「花嫁になる若き女性への手紙」~幸せになりなさい

 娘のシーナの友だちのエリカが結婚式を挙げます。今週末のことです。
 大学時代は同じサークルで特に仲良く、一緒に海外旅行に行ったりシーナの結婚式の際は友人代表のスピーチやら二次会の余興やらと八面六臂の大活躍をしてくれた人です。また、そのお母さんからは結婚指輪のリング・ピロー(指輪の交換までリングを置いておく小さな布団のようなもの)を贈られるなど、家族ぐるみでお世話になった子です。それだけに私たちも張り切らざるをえませんでした。

 以下、シーナの友人の「花嫁になる若き女性への手紙」

  エリカさん ご結婚おめでとうございます。

 4年生大学を出て就職し、その仕事に慣れてしかも20歳代の半ばで結婚するというのは容易なことではありません。そんな中にあってシーナ同様、早い時期によき伴侶と会えたことはほんとうに運の良いことです。神様がついていてくれた証拠です。よき生き方をしてきた人を神様が忘れることはありません。

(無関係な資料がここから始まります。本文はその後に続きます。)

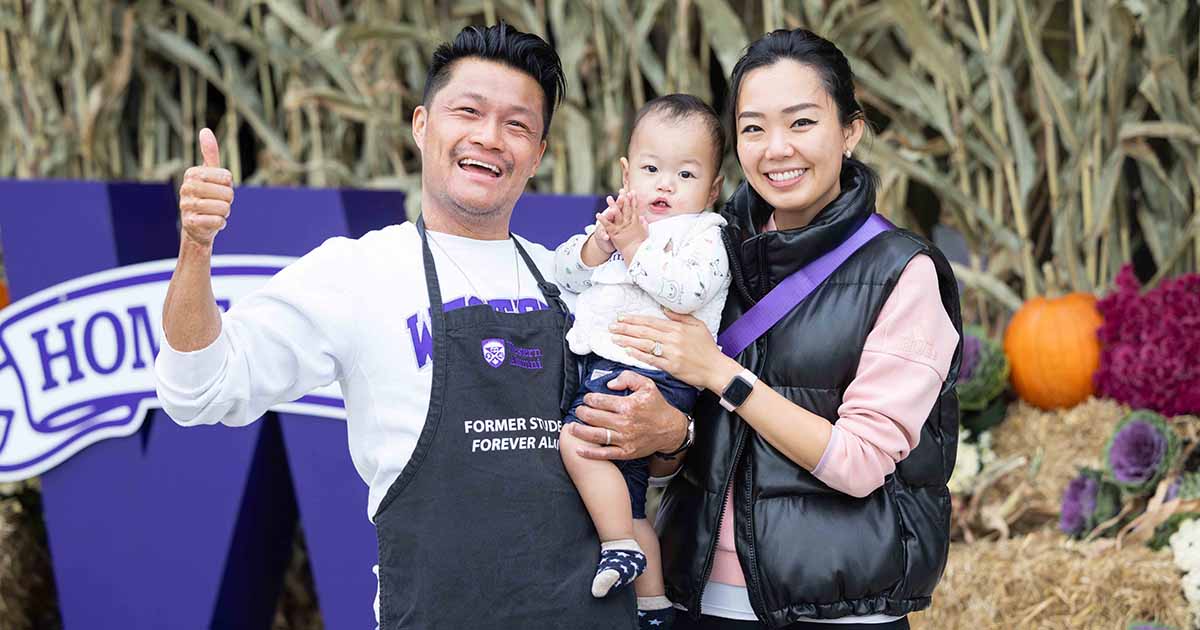 Nathan Ho, BA'08, MBA'16, and family celebrated Homecoming 2024 in style!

 今から30年ほど前、私たちの結婚式に立ち会ってくれた神父さんがこうおっしゃいました。
「二人はもはや別々のものではなく一体のものです。神が結び合わせたものを人が引き裂いてはいけません」

 これは聖書の中の有名な言葉で、結婚式には繰り返し使われる一節のようです。けれど当時はそんなことは知りませんでしたので、私にはとても新鮮で繰り返し心の中で反芻し、以後ずっと大切にしてきた言葉です。しかしだからといって神様は、二人を結び合わせることで幸せを保証してくれたわけでもありません。
 実際、平和で安定していることだけを望むなら、一人でいる方がよほどましなのです。何でも自分で決め自分で責任を取り、戦うにしろ逃げるにしろ守るべきものが自分しかないとしたら世界はほんとうに簡単です。私たちの生活が厄介で難しいのはそばに他者がいるからで、しかしその厄介さ難しさは、私たちの想像に反して案外悪いものではないのかもしれないのです。

 結婚して他者と暮らすことは否応なく私たちを変えます。人の子であり社会の一員であった上にもうひとつ、「配偶者」という属性がつくからです。「妻」または「夫」という名前がつくと、それなりの変化を遂げなくてはなりません。それらしく振舞わなければならないというより、必然的に生き方を捻じ曲げられてしまうのです。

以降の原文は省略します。